Porque este artigo não é nenhum tema tabu e se por emoção e tristeza,
…. tu sorriste e sussurraste, sou da mesma terra que tu ”!!
Poema da Ana Paula Lavado e a voz do Rui Moniz. Realização Anabela Pereira.
- (1) – Karen Blixen em “África Minha”
- (2) – Já aqui referidos no meu artigo “ em LMarques há 42 anos o galo amanheceu”
Para nós com o BigSlam o mundo já é pequeno!

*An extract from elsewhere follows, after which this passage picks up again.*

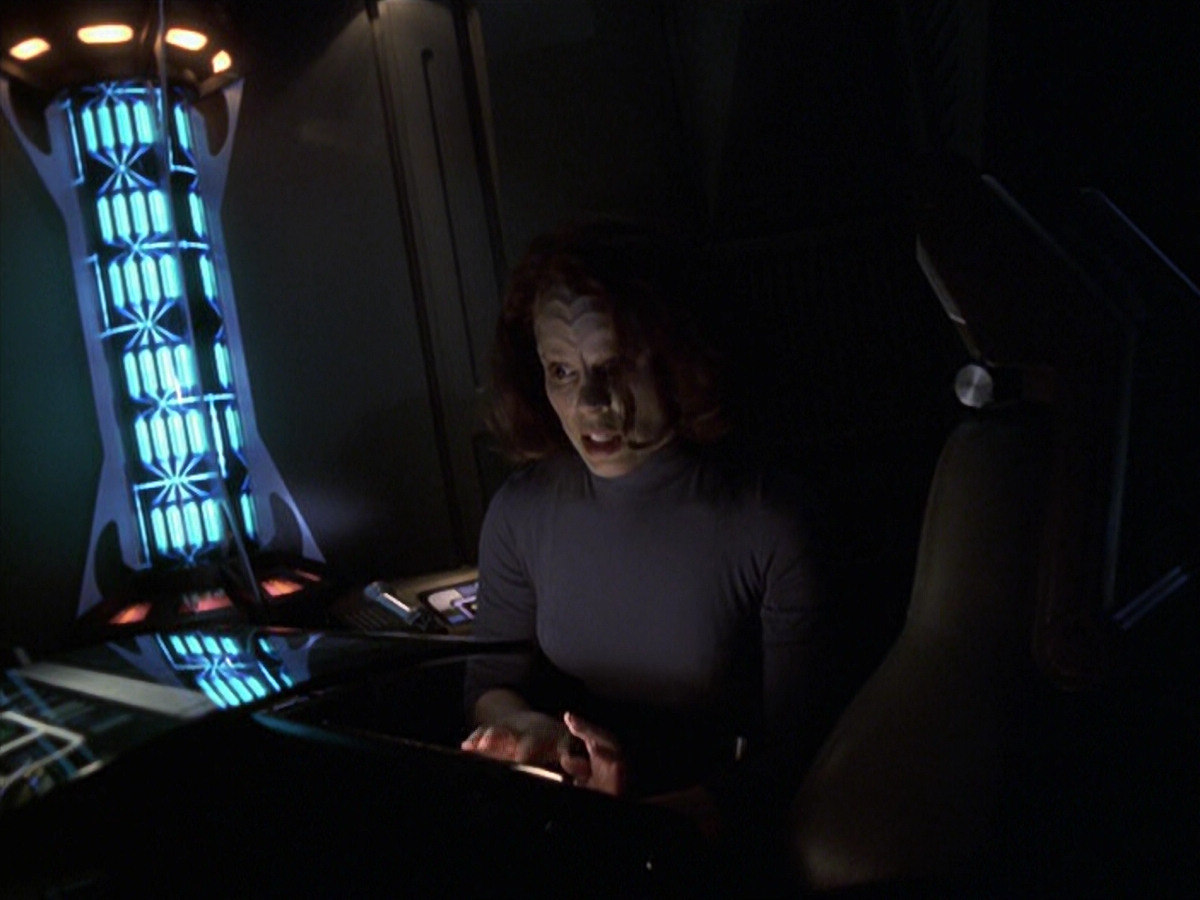 extant_StarTrek_VOY_6x22-Muse_03298.jpg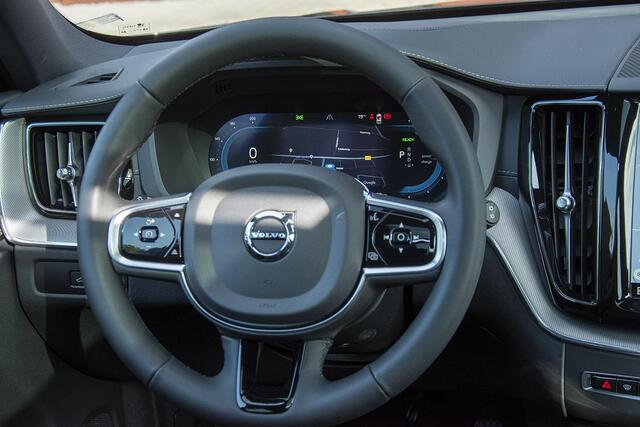 Volvo XC60 2.0 T6 PLUG-IN HYBRID AWD R-DESIGN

João Santos Costa – Outubro de 2016
5 Comentários
Fernando Alves
Gandhi dizia que o problema não eram as pessoas, mas sim o sistema…
João Costa
Eu juntava as duas: O problema são algumas pessoas e o sistema. Obrigado pelo seu comentário, Fernando. Um abraço.
Isabel Ribeiro dos Santos
Não vos conheço mas sou também Moçambicana de coração. Nunca ninguém que não viveu lá vai alguma vez imaginar o que é viver num clima saudável de fraternidade, amor e paixão. Cresci em Moçambique andei na escola desde Porto Amélia até Lourenço Marques passando por Nampula e João Belo (Xai -Xai ) e os meus amigos e colegas eram de todas as raças sem distinção. A vida, o clima, os cheiros, o sol, o ar livre proporcionaram a todos uma vida saudável quer física quer mental. Adoro Moçambique de onde saí em 1976 e não quero morrer sem lá voltar.
Um abraço
João Costa
Obrigado pelo seu comentário, Isabel. Também é minha opinião que todos que estivemos em África adoramos África! Queira Deus que volte lá tão breve quanto possível.
Admin
Para quem não saiba, a Isabel Ribeiro dos Santos foi uma excelente atleta do basquetebol moçambicano (Académica LM) e mais tarde do basquete nacional português. É Prof. de Educação Física e uma treinadora de grande nível. As suas três filhas seguiram as pegadas dos pais e qualquer delas se notabilizou na sua modalidade de eleição – O BASQUETEBOL!!!